Jim Flaherty said Monday the country needs to work toward a common set of regulations aimed at reducing greenhouse gas emissions.
…Quebec became the first jurisdiction in Canada to put in place a green tax on carbon fuels in its last budget, to help finance the province's plan to reduce greenhouse gases, something that Flaherty has criticized.
The plan was created to help Quebec reach its Kyoto protocol targets, which is to reduce greenhouse gas emissions to 1990 levels by 2012.
Wait, wait… this sounds strangely familiar. Where have I heard this before? Oh, yeah…
Friday, Dec. 21, 2007
The EPA on Wednesday denied California's attempt to place first-ever U.S. limits on automobile emissions of heat-trapping gases, which account for about 30 percent of the U.S. total.

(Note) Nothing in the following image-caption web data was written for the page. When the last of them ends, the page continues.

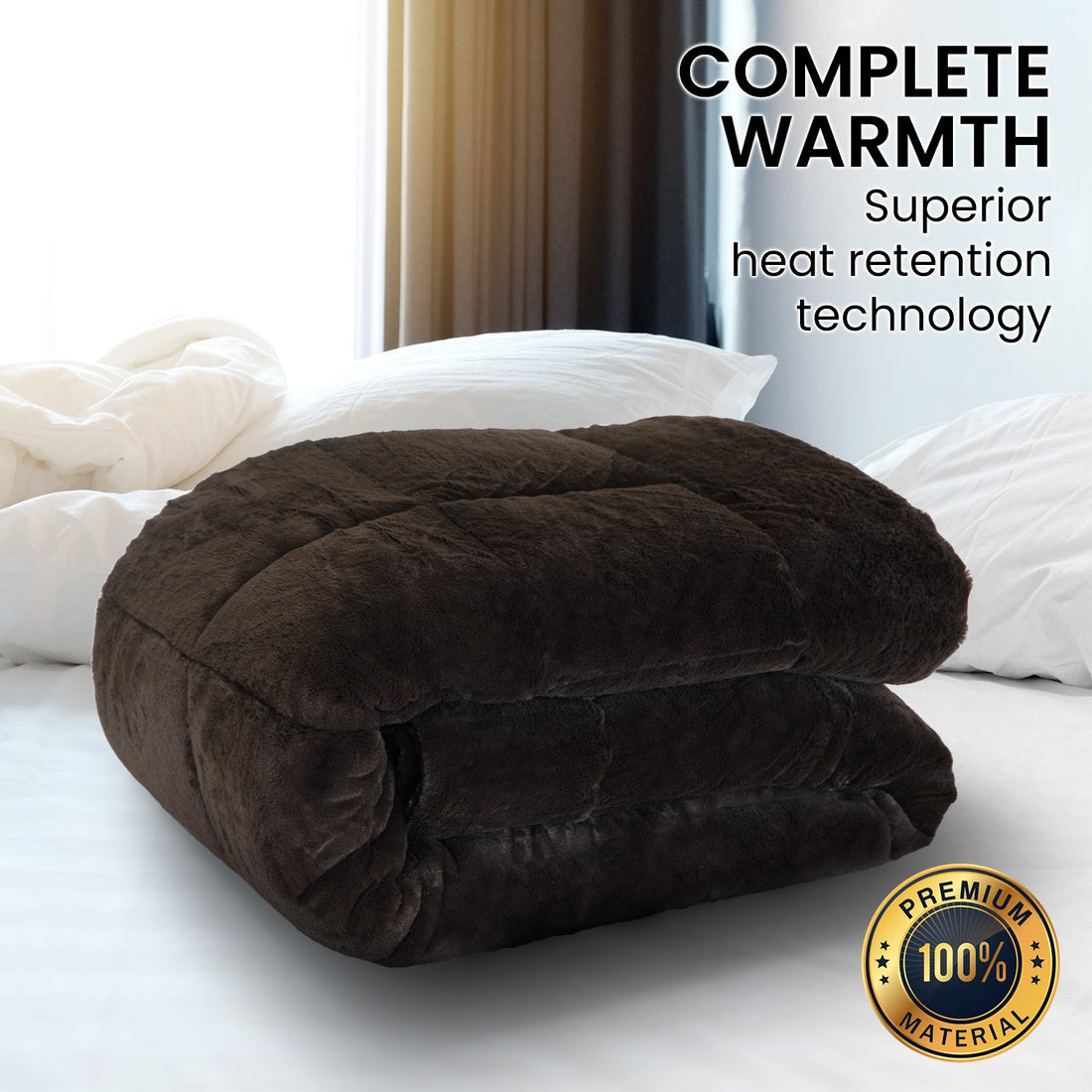 Faux Mink Comforter Quilt Duvet 500GSM - Queen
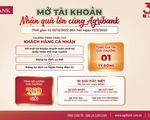 Được tặng sổ tiết kiệm, tiền mặt khi mở tài khoản tại Agribank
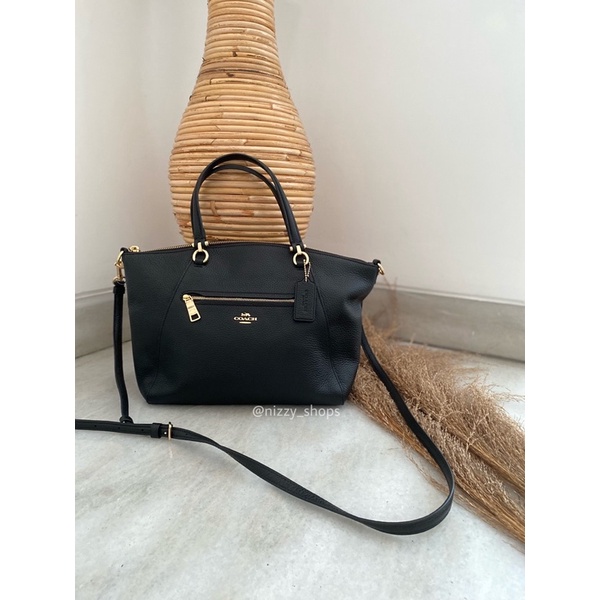 Coach prairie cheap satchel black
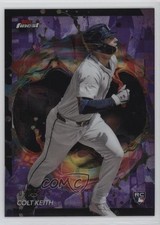 2024 Topps Finest Rare Purple Refractor 97/125 Colt Keith #208 10w8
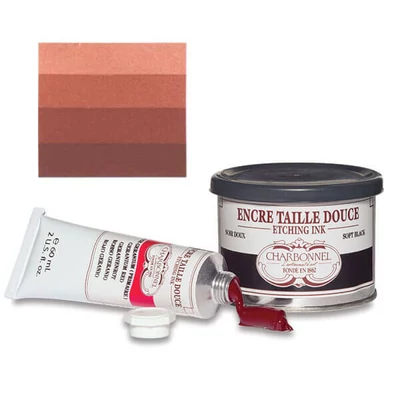 Vopsea gravură Charbonnel , 200 ml - red ochre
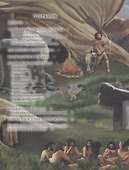 ЭНЦИКЛОПЕДИЯ. ХОЧУ ВСЁ ЗНАТЬ. красная. ДОИСТОРИЧЕСКИЙ МИР - 1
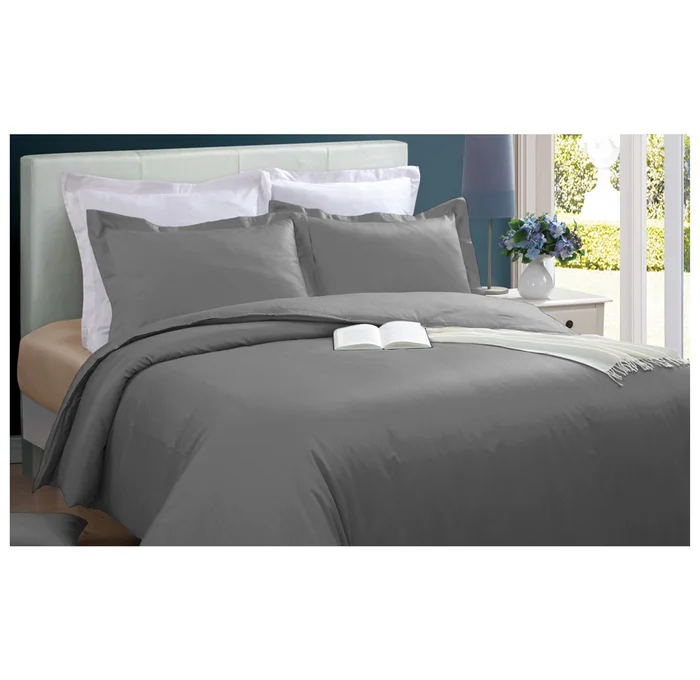 Oversized Cotton 3-Piece Duvet Cover Set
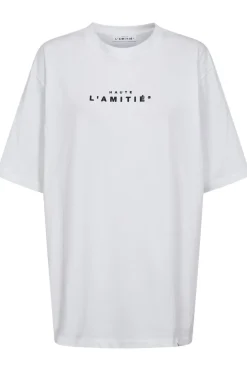 Haute L'Amitié Crew Rub Print Tee HL10385< T-Shirts & Toppe
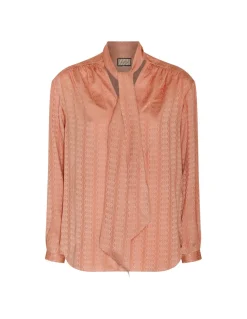 Crêpe satin shirt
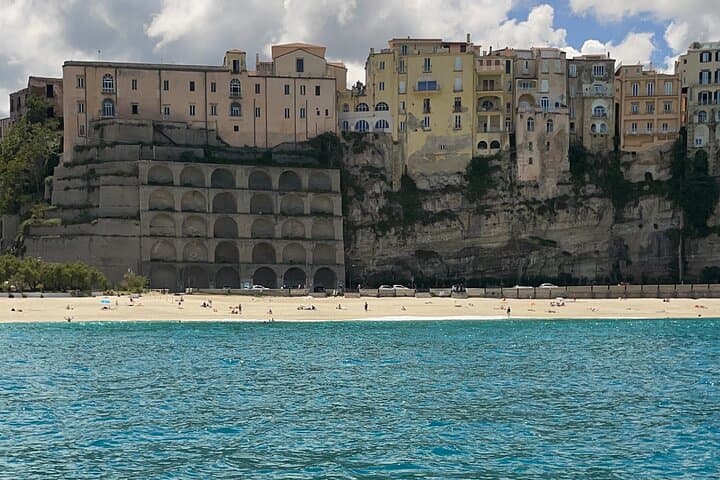 Tropea at sunset private boat tour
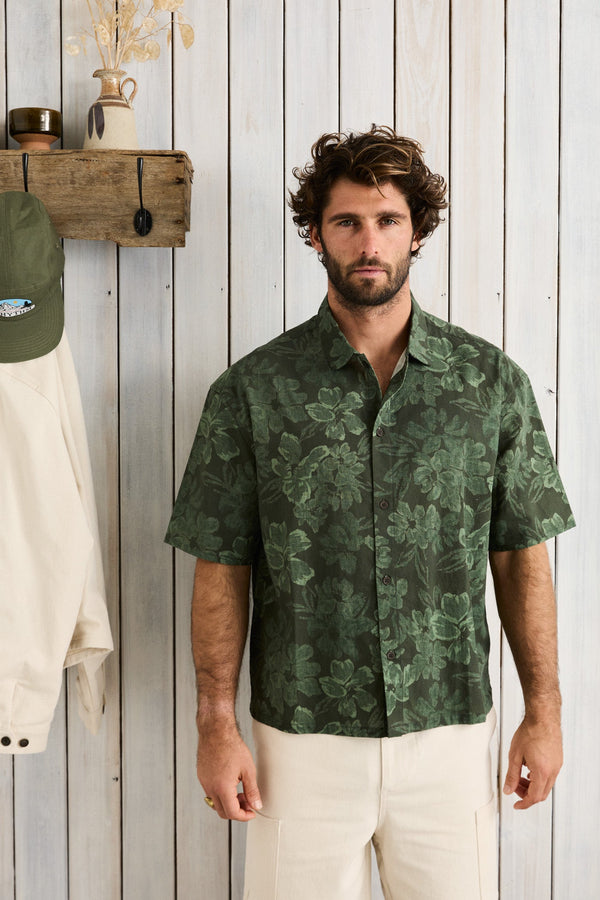 Traverse Ss Shirt Canopy Green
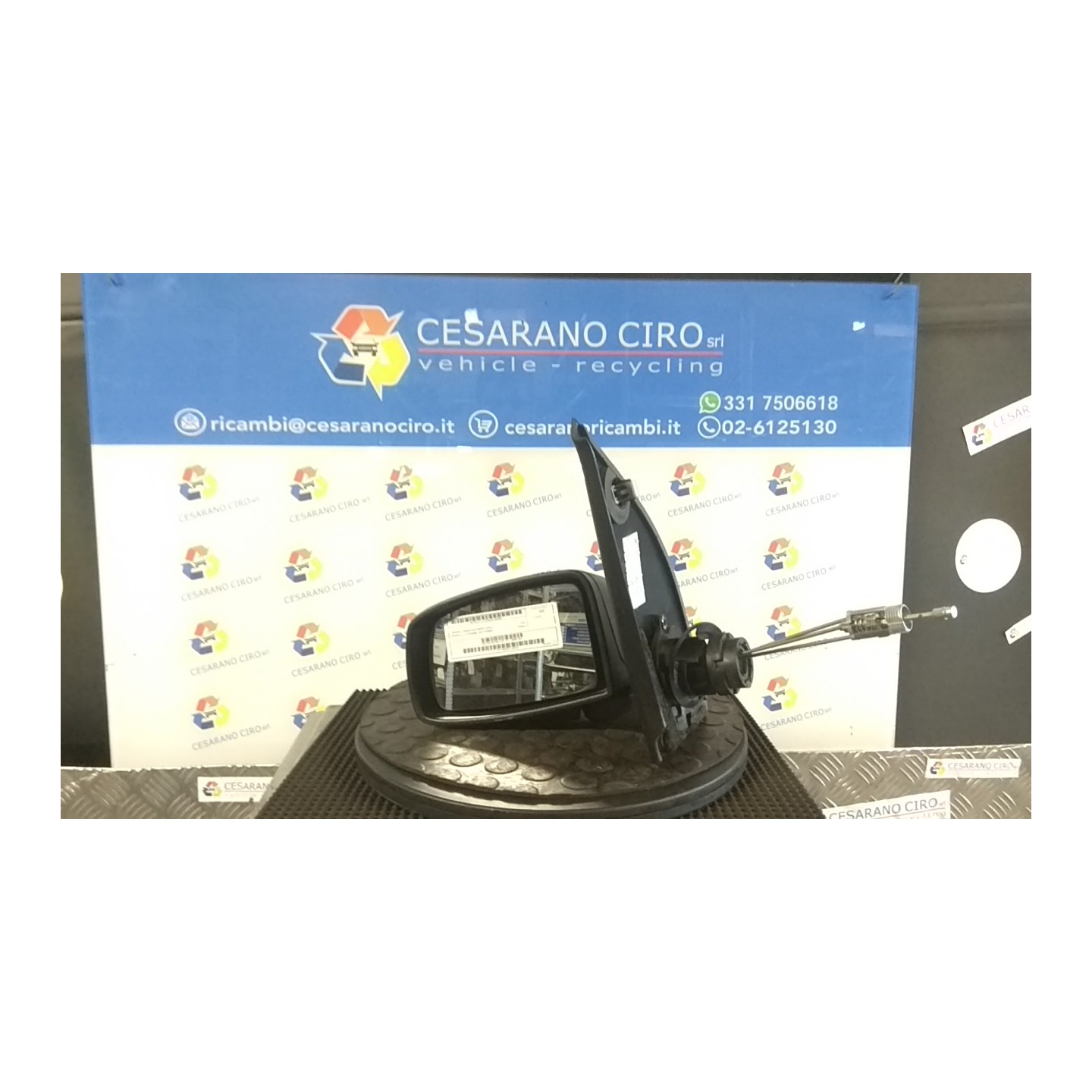 RETROVISORE EST. SX. 087 FIAT PANDA (2Q) (09/03-12/10) 188A4000 735357191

The EPA said an energy bill signed into law this week by President George W. Bush means no further action is needed to cut carbon dioxide emissions from vehicles.
The EPA, charged with making the decision, said the law to raise automobile fuel standards by 40 percent by 2020 was a "better approach" than a "patchwork" of state rules.
Apparently the Bush-appointed head of the EPA reached his decision, which went against the wishes and advise of his staff, soon after Dick Cheney met with auto industry executives who presented him with a letter explaining why it would be wrong to allow individual states to set greenhouse gas emission standards on their cars.
I'm guessing all it took for Flaherty to reach the same conclusion was a quick peek across the border to see what the Americans were doing. And then copy down that whole 'patchwork' thing. 'Cause that sounded pretty good.
And by the way, isn't Jim Flaherty the Finance Minister?!? Shouldn't the Minister of the Environment be dealing with this? Or Industry? Or Intergovernmental Affairs? Or... well, anybody else?
(H/T to 'Pyotr Petrobitch', a fellow commenter over at
Garth Turner's Political Mayhem)
Flim-Flam Dim-Jim gets most of his catchy jingoistic simplistic solutions by reading his press clippings over his caffelatte, which have been prepared for him to fit within that leisurely function. Everything is leisurely to Flim-Flam ... Just look at what he and his gang did to Ontario.